Schumann: Dichterliebe; Frauenliebe und -leben; Liederkreis, Op. 39

Max Fiedler was 85 years old when he conducted his friend Brahms’s Second Piano Concerto for Elly Ney, ‘the Führer’s pianist’. Even today, that 1939 recording with the Berlin Philharmonic under Fiedler has much to tell us, through the insightful phrasing and subtle interplay of instrumentalists. Here are the Second and Fourth symphonies, the latter with its rhetorically broadened first movement coda, a mighty gesture and much the sort of thing Furtwängler used to do, especially in Bruckner.

Published: January 20, 2012 at 2:37 pm

COMPOSERS: Schumann
LABELS: Pearl
ALBUM TITLE: Schumann: Legendary Song Cycle Recordings
WORKS: Dichterliebe; Frauenliebe und -leben; Liederkreis, Op. 39
PERFORMER: Gerhard Hüsch, Lotte Lehmann, Friedrich Schorr, various accompanists
CATALOGUE NO: GEMM CD 9119 AAD mono

Max Fiedler was 85 years old when he conducted his friend Brahms’s Second Piano Concerto for Elly Ney, ‘the Führer’s pianist’. Even today, that 1939 recording with the Berlin Philharmonic under Fiedler has much to tell us, through the insightful phrasing and subtle interplay of instrumentalists. Here are the Second and Fourth symphonies, the latter with its rhetorically broadened first movement coda, a mighty gesture and much the sort of thing Furtwängler used to do, especially in Bruckner. Although the first movement of Bruckner’s Sixth Symphony was apparently never recorded, we at least get a unique opportunity to sample Furtwängler’s visionary interpretation, with its mystically suspended Adagio and wildly raging finale.

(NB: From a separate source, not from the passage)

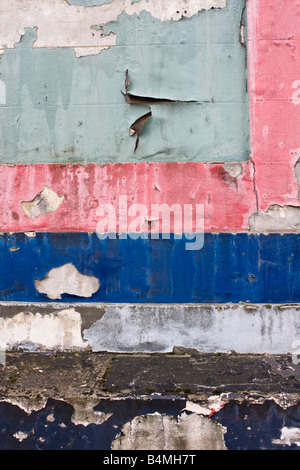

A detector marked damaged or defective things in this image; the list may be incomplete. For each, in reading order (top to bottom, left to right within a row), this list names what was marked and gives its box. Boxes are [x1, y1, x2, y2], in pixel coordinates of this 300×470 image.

A more intimate unrest visits three great pre-war singers skilfully declaiming three of Schumann’s song cycles: Gerhard Hüsch as the proud but wounded victim of Dichterliebe, Lotte Lehmann, a profoundly sensual exponent of Frauenliebe und -leben (complete with café-style instrumentations) and Friedrich Schorr stooping down from Valhalla for an intimate Liederkreis, Op. 39. Whereas all three make their respective texts sound like autobiography, a November 1943 performance of Richard Strauss’s Die Frau ohne Schatten did actually coincide with a difficult period in its composer’s career. At the Vienna State Opera, Torsten Ralf portrayed an arrestingly masculine Emperor and Hilde Konetzni a commanding Empress, with a fine supporting cast under Karl Böhm. Koch’s rather dimly recorded set also has excerpts from Die ägyptische Helena (1933) and a very early performance of Daphne (1942).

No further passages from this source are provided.